What new “family movie” movie offers a caution to viewers because of “a depiction of an abusive household including references to wife beating and child abuse; depiction of cruelty to animals…”?

Benji Off the Leash has film critic Steven D. Greydanus fuming.

And is anybody else a bit surprised at this family-friendly film’s slogan? “Rules are made to be housebroken.”

Here are a few excerpts from Steven’s review:

Benji Off the Leash is undoubtedly the first dog movie ever made that thinks that a happy ending for a boy and his dog is not for the boy to get to keep the dog, but for the dog to go off to Hollywood to make a motion picture. It may also be the first family film in which the happy ending involves the father getting arrested and taken away from his wife and son. On both counts, God willing, it should also be the last.

I’m sure you’ll be edified to learn that when those two buffoonish dogcatchers take a pratfall in a field, that’s good clean mud they’re rolling in, not dog poop.
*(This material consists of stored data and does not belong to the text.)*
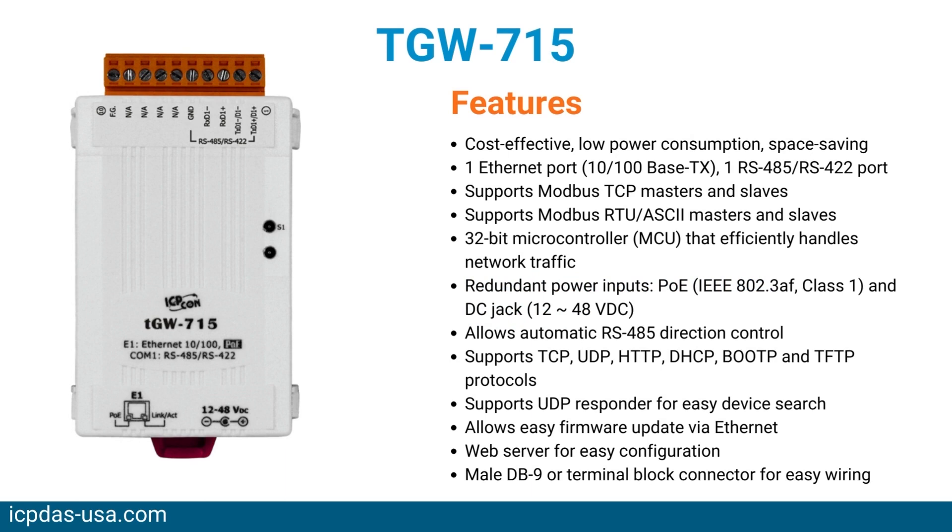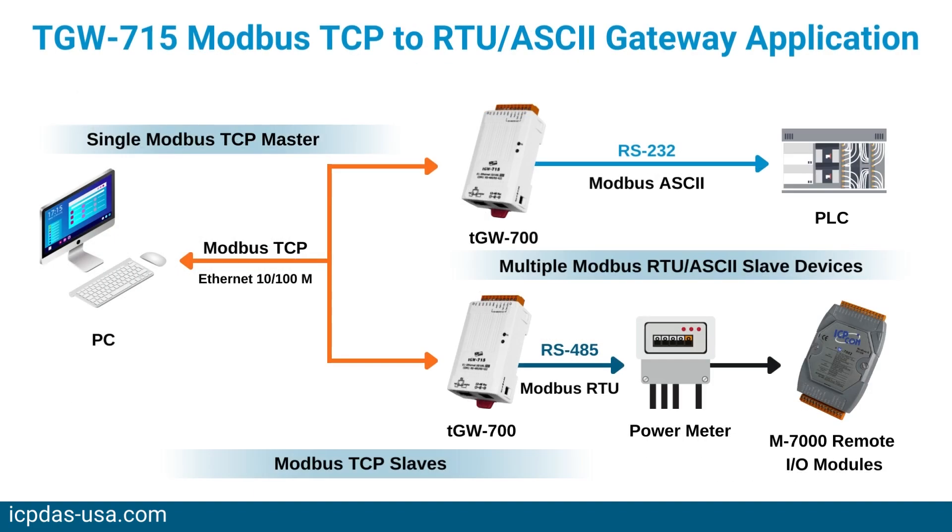The TGW715 is a tiny Modbus TCP to Modbus RTU gateway that enables a Modbus TCP master to communicate with Modbus RTU serial devices through an Ethernet network, which eliminates the cable length limitation of serial devices. It can be used to create a pair connection application, serial bridge, or serial tunnel application, and can route data over TCP/IP between two Modbus RTU serial devices — useful for connecting mainframe PCs, servers, or serial devices that communicate over Modbus RTU protocols but do not have Ethernet capability.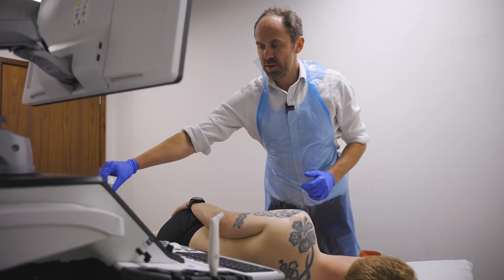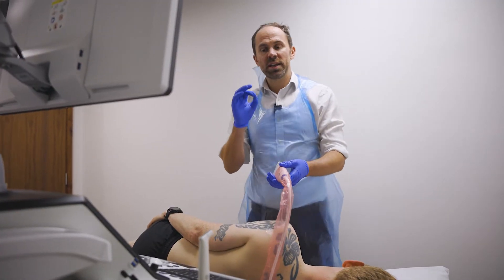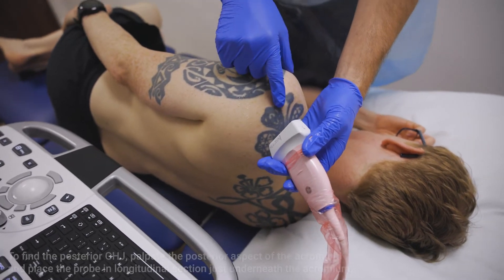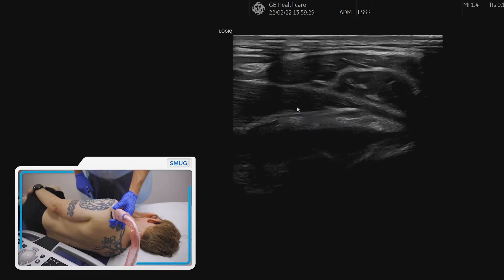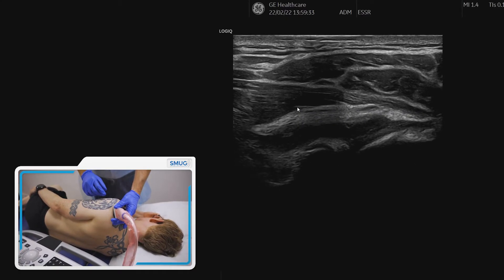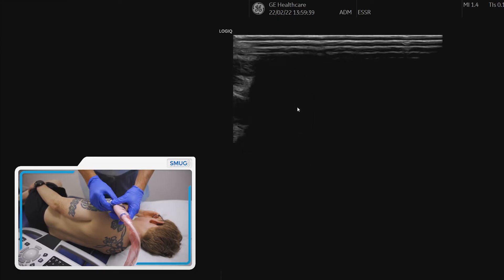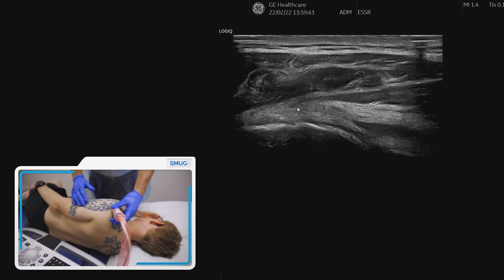The first thing to do whenever you're carrying out an ultrasound guided injection is to get a really nice clear image. A simple way of finding the right position is to find the posterior aspect of the acromion and just place the probe just underneath the acromion. It's important to know which side is which — you can see the top of this is on the right side, so I'm going to spin that round because I'd prefer that to be on the left side.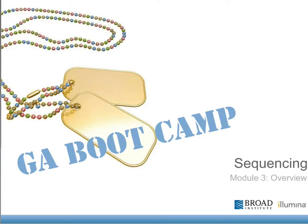Hi, this is Klaus Ullmann, Field Application Scientist with Illumina. This is Module 3, the sequencing overview of the bootcamp material.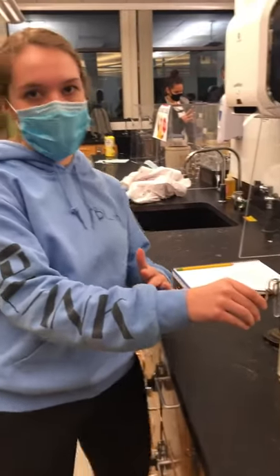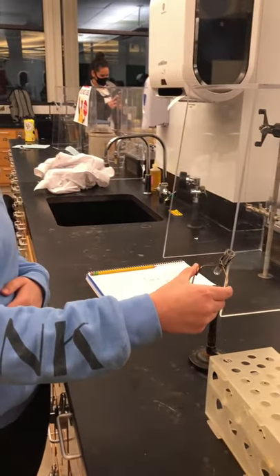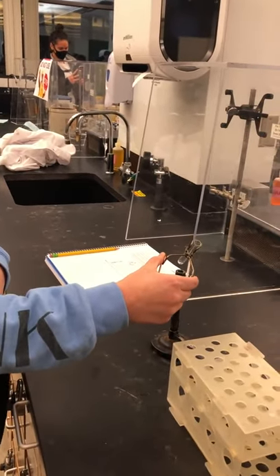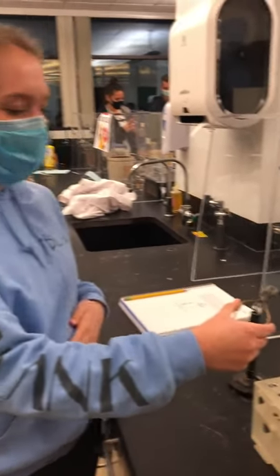You don't ever want to touch it with your hands because you'll burn yourself. And then you hold it over the Bunsen burner and you want to move it so that it heats the whole thing and not in just one spot.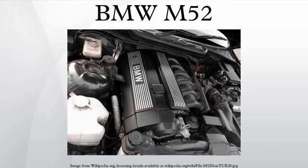M52TUB28: The M52 was upgraded to dual Vanos in 1999, which improved lower RPM torque. Applications: 1998–2000 E46 328i, 1998–2001 E36/8 Z3 2.8, 1998–2001 E39 528i, 1998–2001 E38 728i. Additionally, the M52B20 was also offered as a 2.4L variant for the Thai market, applied to the 1995–1999 E36 3 Series and 2000–2002 E39 5 Series.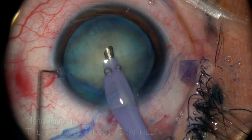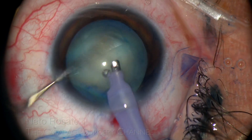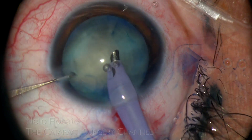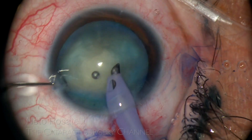Subsequently, a vigorous nucleus spinning is done, as this maneuver greatly helps releasing existing cortex from the capsule. This is very zonular friendly, despite looking a little rough.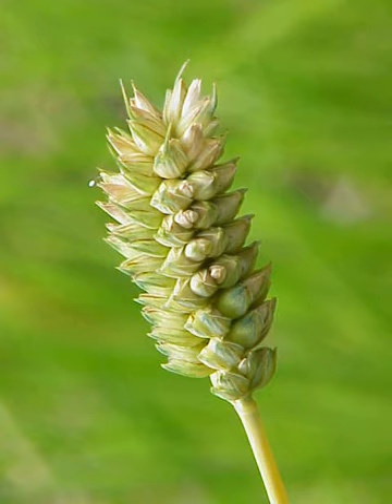Triticum compactum, or club wheat, is a species of wheat adapted to low humidity growing conditions. T. compactum is similar enough to common wheat T. estivum that it is often considered a subspecies, T. estivum compactum. It can be distinguished by its more compact ear due to shorter rachis segments, giving it its common name.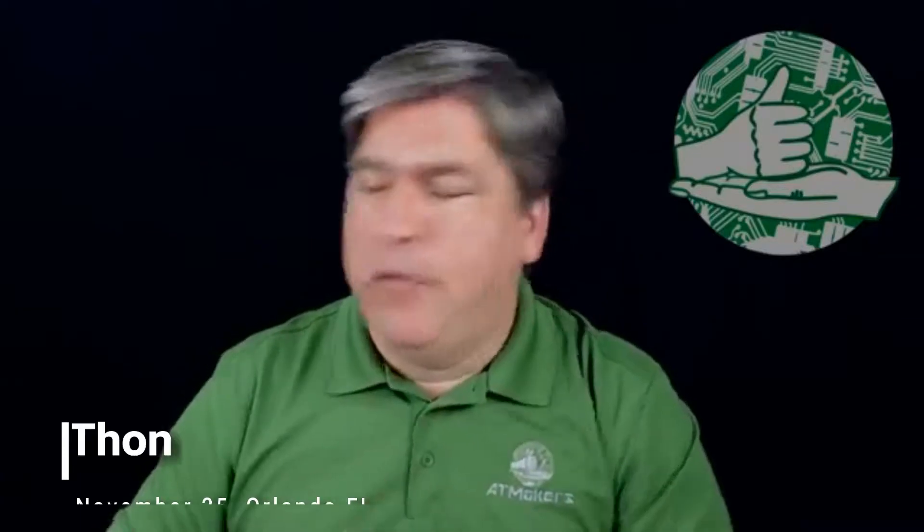Hello everybody, how are you? I hope you're having a great Sunday. This is Bill from AT Makers. I'm going to give you guys a couple seconds here to come on and join me. I hope you guys are having a good weekend. I do want to talk to you about a couple interesting things today.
But when the dogcatchers show up in their next scene with inexplicably immaculate uniforms and faces, it’s clear that, despite its independent pedigree, Off the Leash! is as sloppily crafted as any big-studio product from the Hollywood family-film puppy mill.

Some families who saw Two Brothers found the tigers’ hard-knocks lives too stressful for young or sensitive children. They had better watch out for Off the Leash!, which opens with Hatchett hurling an adorable puppy across the room, and largely centers on the plight of the puppy’s overbred mother, who spends most of the film in a pitiful state, near death, too sick and dispirited to move.

First came Hidalgo and Spirit: Stallion of the Cimarron, celebrating the bond between horses and humans by telling us that what our horses really want is to be wild and free. Now we have the limpest, dodgiest family film since Kangaroo Jack telling us that a dog would rather star in a movie than belong to a boy. Poor Lassie, wasting the best years of her life with Timmy when she could have been in pictures.

I applaud Joe Camp’s principles. I deplore his execution. He is right that families deserve better than “vacuous and safe” pap. Vacuous and unsafe is not a step in the right direction.